Mr. Smolen, who has now rejoined the Washington-based consulting organization of Financial Investigations & Services Inc., previously had been employed by a "Big 6" CPA firm and the U.S. Securities & Exchange Commission (SEC) during its heyday of investigations into illegal overseas payments and financial fraud. Since leaving the SEC, Mr. Smolen's work has been both civil and criminal dealing, in part, with valuation and environmental matters, failing businesses and bankruptcies. The better-known of these have included Landbank Equity Corporation; Freedlander Financial Services, called Virginia's longest paper trail and one of its largest bankruptcies; CenTrust Savings Bank, the second-largest bank failure in the country; and T.R. Network Inc. a massive Southwestern ponzi scheme.
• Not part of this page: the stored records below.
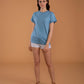 StarApps - Tshirts - 100% Cotton Blank T-shirts - for her Island Blue - island-blue-boyfriend-t-shirt-women-s-plain-boyfriend-t-shirts-209193-1548942565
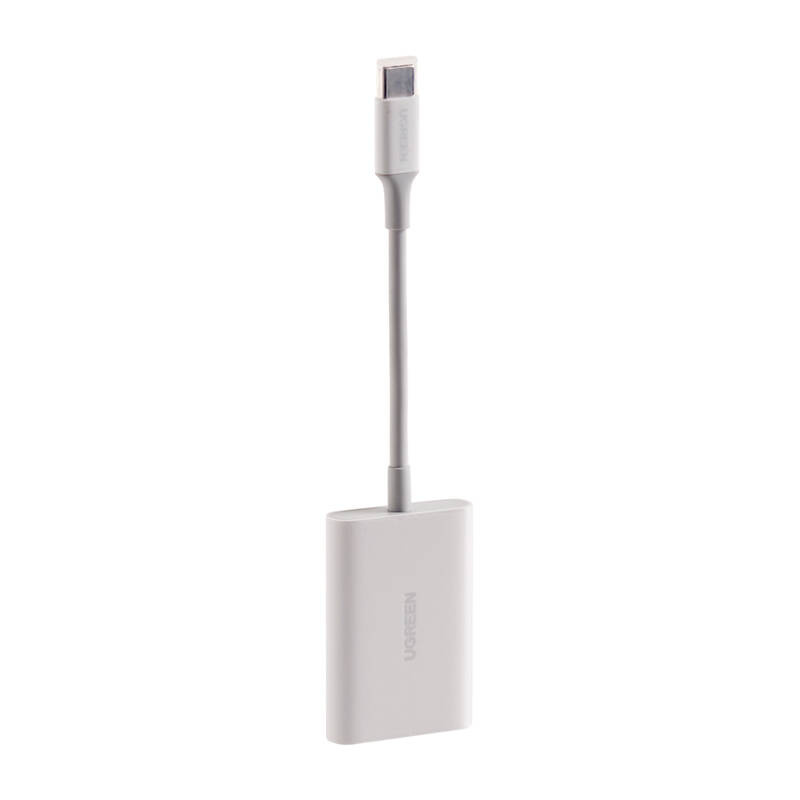 Ugreen 2-in-1 USB-C  CM265 Kártyaolvasó Fehér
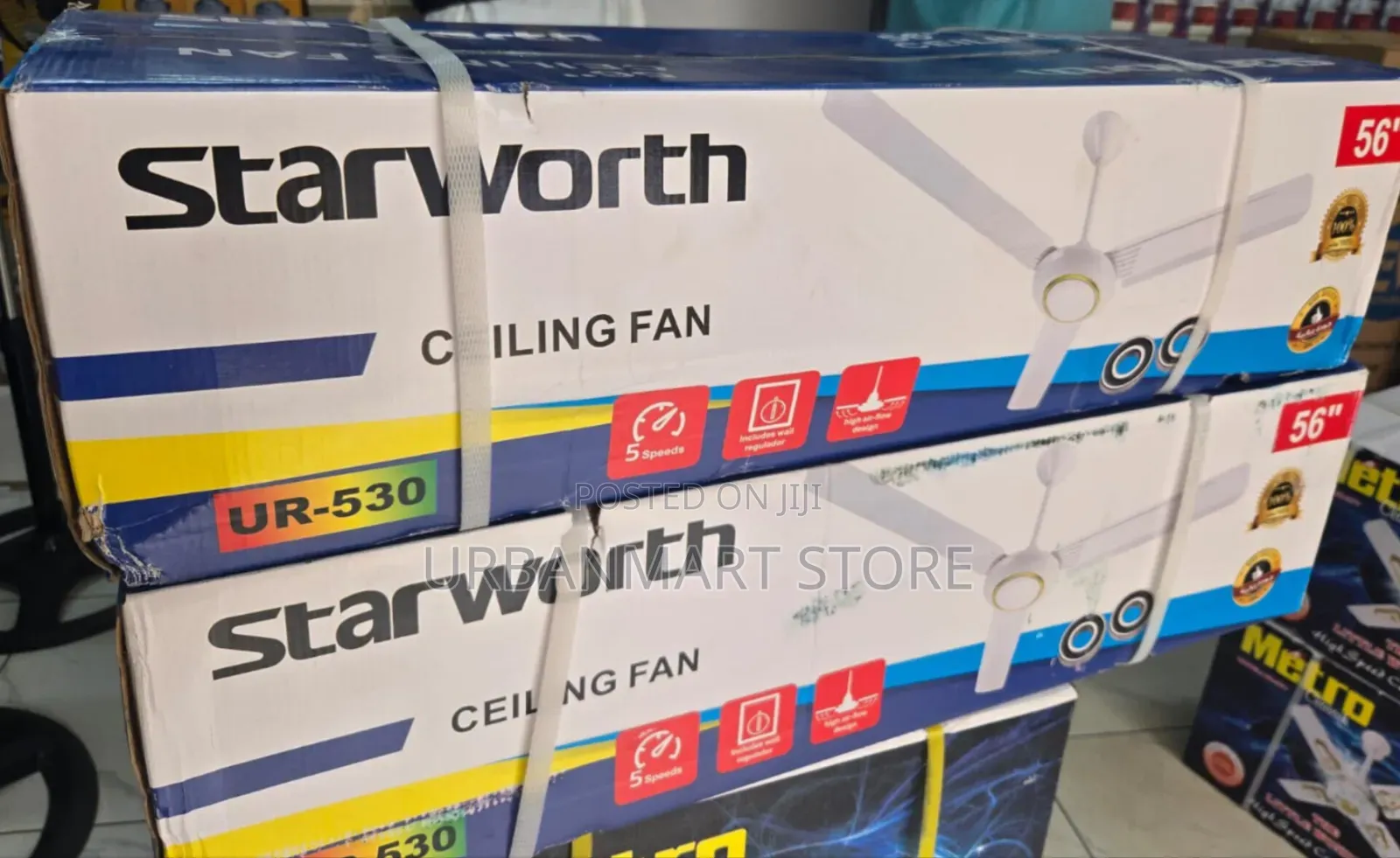 Starworth 56 Inch Ceiling Fan for Large Rooms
Mr. Smolen uses his education, experience and business acumen to simplify the complex. He says, "It's an approach born out of necessity" that includes using "logic trees," "decision matrices," "event sequencing" and "project management" techniques to identify and define issues, run resources cost-effectively and simplify the complex. Although his recent work at the Office of Independent Counsel restricted his involvement with the professional community, previous programs before the Bar and CPA societies include: Time, Cost & Resource Management for Reporting by Public Companies During and After Bankruptcy Proceedings; Managing the Complex Litigation: Some Practical Approaches; When Does Your Client Need a Fraud Audit; Bankruptcy: Practical Aspects & Tax Consequences; Contemporary Strategies, Problems & Pitfalls on CPA Engagements; Accounting & Finance for Non-CPAs; and Financial Institution Fraud & Embezzlement. Other professional activities encompass various offices and committee work with the Greater Washington Society of CPAs. Mr. Smolen earned his graduate degree from New York University's Stern School of Business and an undergraduate degree from Pace University.